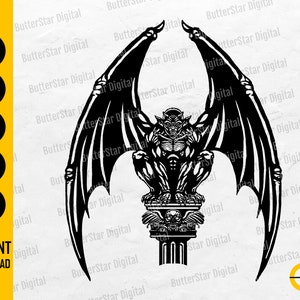 Gargoyle SVG | Demon SVG | Gothic New York City Monster Sculpture Wall Art Shirt Decal | Cutting Files Clipart Vector Digital Dxf Png Eps Ai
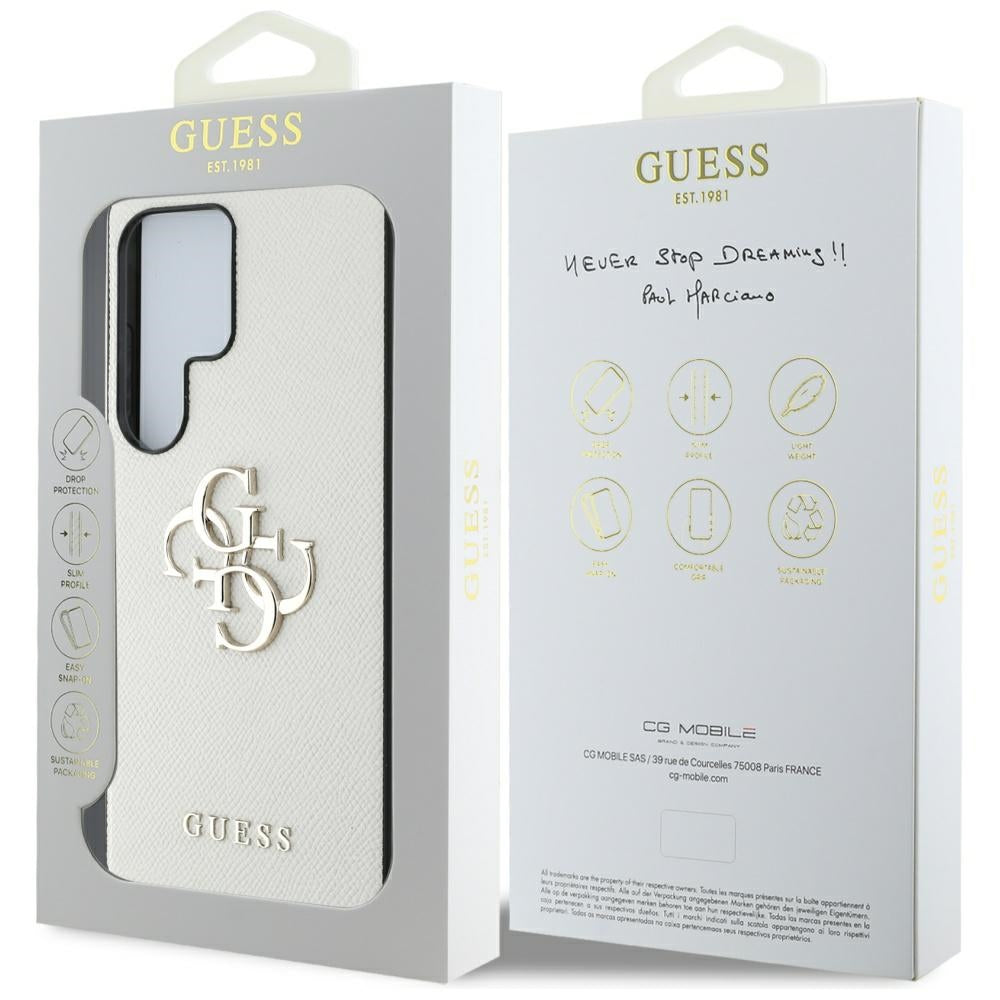 Fodral för Samsung Galaxy S25 Ultra S938, Guess, 4G Grained Big and Classic Logo, Beige
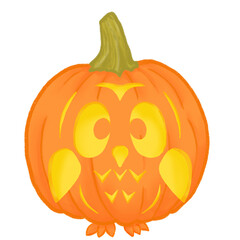 Halloween pumpkin, carved pumpkin, Owl carving on a pumpkin, pumpkin lantern.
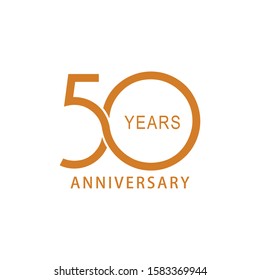 Vector 50 year anniversary, birthday logo label. Year. Vector illustration. Isolated against a white background.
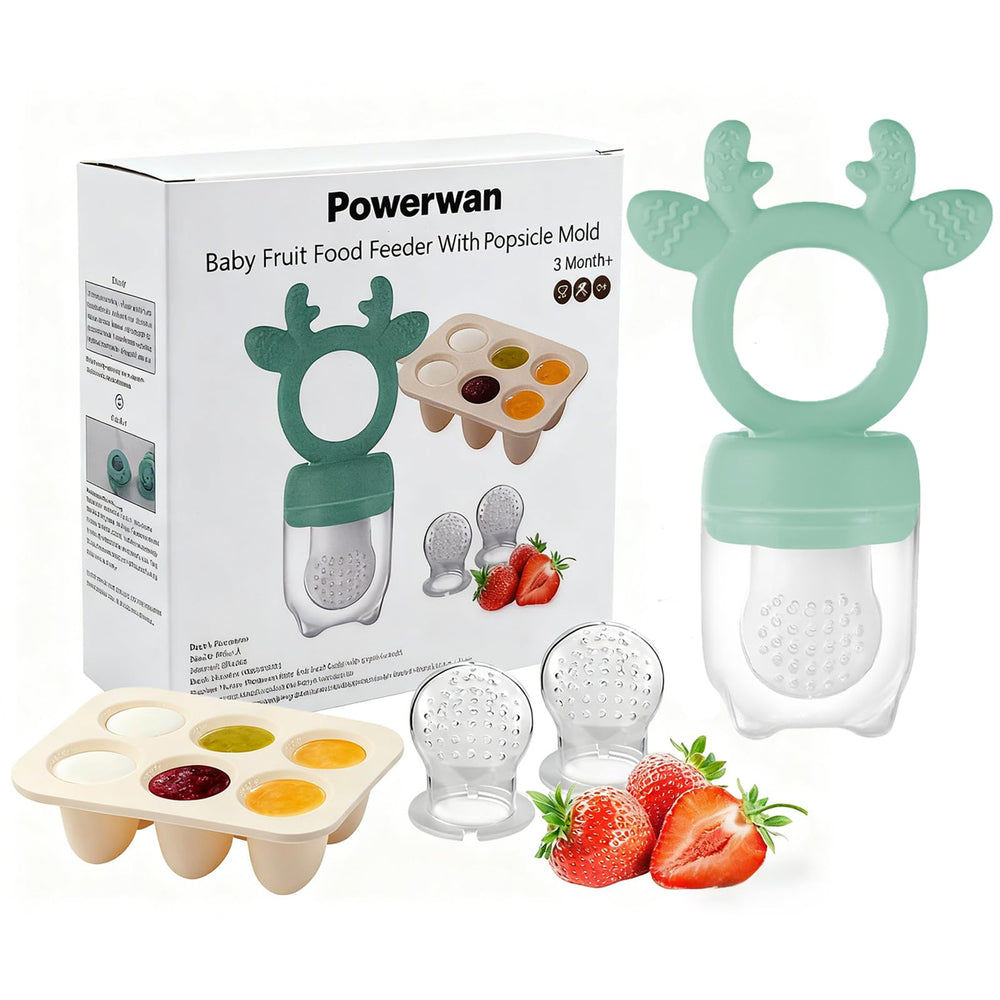 Powerwan baby feeder use with fruits, purees and gentle teething comfort.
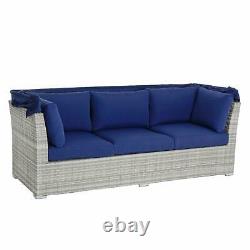 Garden Day Bed Grey Rattan Sofa 3 Seater 2 Chairs Table Sun Shade Furniture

**The task:** Everything from the line containing "Powerwan baby feeder" through the end of the data should be printed exactly, line for line, except the pictures.

**Result of this task:**
 Powerwan baby feeder use with fruits, purees and gentle teething comfort.
 Garden Day Bed Grey Rattan Sofa 3 Seater 2 Chairs Table Sun Shade Furniture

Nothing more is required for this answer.